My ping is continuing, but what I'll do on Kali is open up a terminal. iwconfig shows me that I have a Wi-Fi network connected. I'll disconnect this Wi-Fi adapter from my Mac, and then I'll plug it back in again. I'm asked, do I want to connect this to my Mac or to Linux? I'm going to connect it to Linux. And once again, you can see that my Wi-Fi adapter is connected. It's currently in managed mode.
----------------
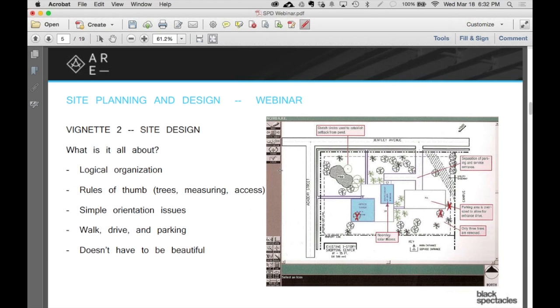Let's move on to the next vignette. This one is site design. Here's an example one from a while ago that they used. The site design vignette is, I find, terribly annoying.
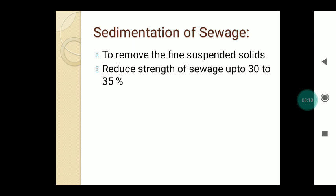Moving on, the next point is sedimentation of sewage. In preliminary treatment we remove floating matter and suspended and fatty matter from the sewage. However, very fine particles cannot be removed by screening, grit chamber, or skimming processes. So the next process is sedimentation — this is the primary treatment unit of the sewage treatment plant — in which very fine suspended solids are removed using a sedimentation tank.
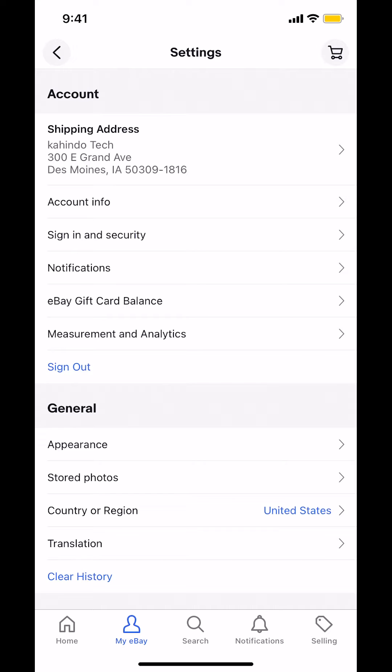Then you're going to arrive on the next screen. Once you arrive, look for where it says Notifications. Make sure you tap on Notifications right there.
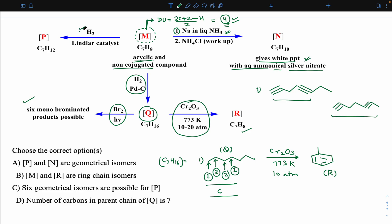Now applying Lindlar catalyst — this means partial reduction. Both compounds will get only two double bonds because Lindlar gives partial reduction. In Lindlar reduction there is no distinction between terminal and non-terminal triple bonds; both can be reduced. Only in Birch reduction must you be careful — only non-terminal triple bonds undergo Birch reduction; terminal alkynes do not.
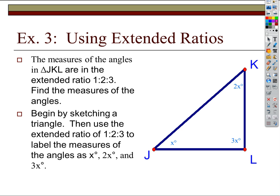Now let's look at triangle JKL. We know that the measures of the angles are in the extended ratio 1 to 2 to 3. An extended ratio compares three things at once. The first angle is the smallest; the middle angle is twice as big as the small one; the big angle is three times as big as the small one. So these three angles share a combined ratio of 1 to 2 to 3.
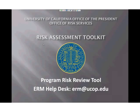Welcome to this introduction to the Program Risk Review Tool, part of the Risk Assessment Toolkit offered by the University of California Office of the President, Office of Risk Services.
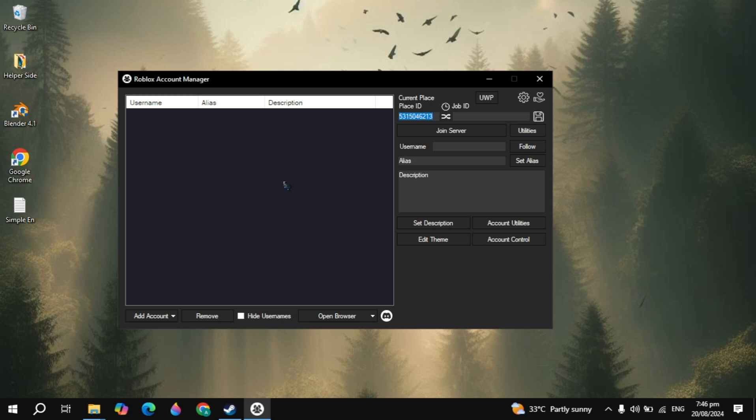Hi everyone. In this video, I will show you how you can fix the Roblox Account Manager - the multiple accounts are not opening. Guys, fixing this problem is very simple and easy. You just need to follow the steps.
----------------
Problem to solve — Output exactly the lines above, beginning at the one with "Welcome to this" and stopping after the one with "Hi everyone. In". Pictures are to be omitted.

Response to the task —
Welcome to this introduction to the Program Risk Review Tool, part of the Risk Assessment Toolkit offered by the University of California Office of the President, Office of Risk Services.
Hi everyone. In this video, I will show you how you can fix the Roblox Account Manager - the multiple accounts are not opening. Guys, fixing this problem is very simple and easy. You just need to follow the steps.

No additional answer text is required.